Una questione di capitale

Il fatto di essere un “espatriato” o un “immigrato” dipende molto dal rapporto tra il Paese che si lascia e quello in cui ci si stabilisce: chi lascia un Paese caratterizzato da un capitale inattivo – ad esempio l’Africa – per uno con un capitale attivo, come l’Europa o gli Stati Uniti, e quindi cambia in meglio, verrà chiamato “immigrato”; per chi invece lascia un Paese con capitale capitalizzato per una destinazione con capitale non ancora capitalizzato, l’apparente peggioramento porta alla definizione di “espatriato”.

Un bianco che viene in Africa otterrà senza alcun problema lo status di residente e potrà agevolmente spostarsi nel continente senza bisogno di un visto.
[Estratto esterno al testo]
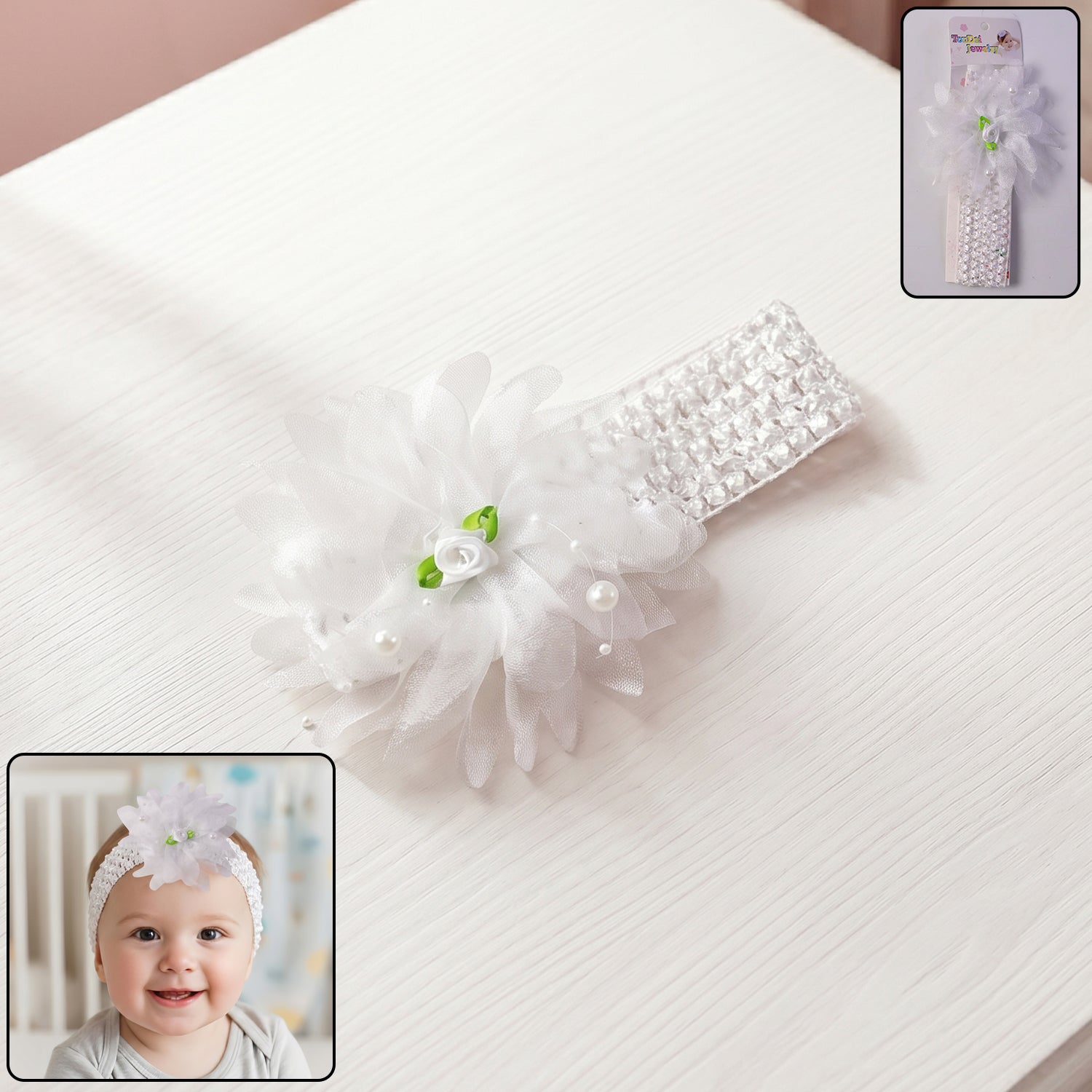 Beautiful floral baby headband for girls, soft elastic for comfortable fit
Da bianco può anche non avere nessuna cognizione di causa in un certo ambito, ma la probabilità che un’organizzazione africana lo assuma come espatriato è altissima. L’opposto vale per la manodopera specializzata africana: potrebbe anche trattarsi di veri e propri esperti in grado di impartire direttive a espatriati bianchi, ma il colonialismo che serpeggia latente gli impedisce di accrescere la propria autostima.
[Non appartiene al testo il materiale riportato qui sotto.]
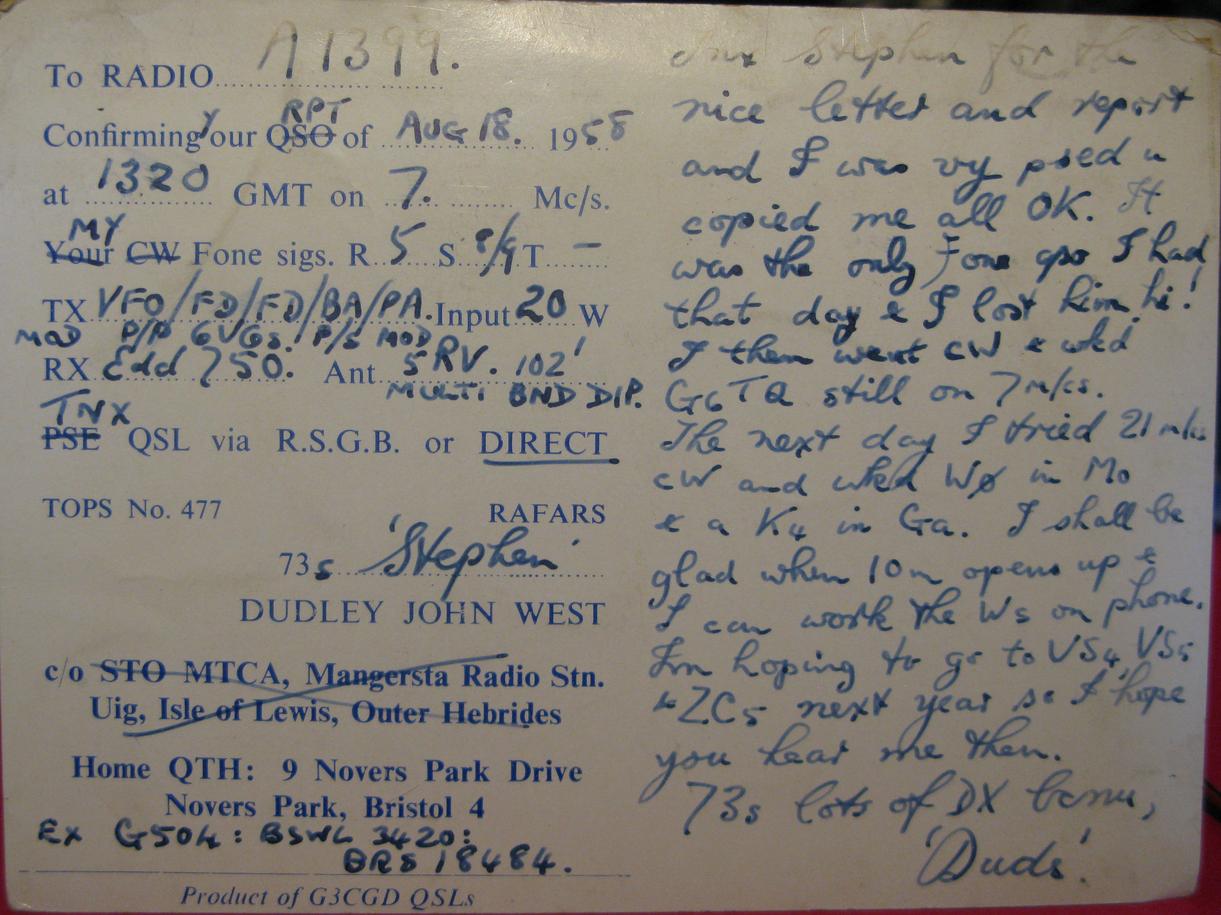 Back of card from g3gza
La competizione che si sta sviluppando tra Cina e Paesi occidentali dà un’idea di come gli africani abbiano involontariamente affidato il proprio destino agli espatriati, pur proclamando la propria indipendenza e sovranità. In Africa, ad esempio, è normale che i partiti politici accettino di affidarsi ad espatriati per sviluppare le proprie capacità e che lo stesso facciano i governi per le questioni di ordine pubblico. In occidente, un cinese che provasse ad accedere allo sviluppo di capacità e a incarichi di ordine pubblico sarebbe considerato spregevole, una minaccia alla sovranità nazionale e un tentativo di infiltrazione nel sistema occidentale.

Per equilibrare il gioco di potere tra espatriati e immigrati, ogni Paese deve investire nell’attivazione del proprio capitale inattivo e prestare estrema attenzione al potere distruttivo delle rappresentazioni: una revisione critica di ciò che in Africa rappresentano i termini “espatriato” e “immigrato” può cambiare il modo in cui il continente forgia il proprio futuro. Gli africani possono sfruttare le attuali tendenze globali per offrire agli abitanti del continente nuove opportunità nel gioco di potere tra espatriati e immigrati.
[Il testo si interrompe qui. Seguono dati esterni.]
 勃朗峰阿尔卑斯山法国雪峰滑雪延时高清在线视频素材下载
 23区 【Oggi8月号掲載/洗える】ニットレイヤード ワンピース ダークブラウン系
Le attuali tendenze sottoelencate possono avere un’enorme influenza nell’indebolire questo gioco di potere: in primo luogo, il trend secondo il quale l’Europa, restituendo manufatti e resti umani trafugati, sembra riconoscere di aver perpetrato un esproprio culturale ai danni del continente africano. In secondo luogo, un diverso utilizzo delle testimonianze storiche, sulla scia delle azioni che compiono i movimenti che negli USA abbattono statue coloniali. In terzo luogo, il movimento statunitense Black Lives Matter, che deve ispirare un ripensamento della presenza di espatriati nei ministeri e nelle sedi governative in Africa, al motto di “Black Expats Matter”. In quarto luogo, un ulteriore sviluppo dell’interesse dell’UE a ridefinire le proprie relazioni con l’Africa, alimentato dalla paura dei migranti africani e dei tentacoli allungati dalla Cina. In quinto luogo, il maggiore accesso alle piattaforme digitali come opportunità di contrasto dei pregiudizi e creazione di alternative. In definitiva, si tratta di attivare un capitale inerte attraverso il quale il continente africano possa rafforzare le proprie ambizioni e sviluppare un desiderio di avventura e successo nei settori della sicurezza, del soft power, delle tecnologie energetiche e della diplomazia.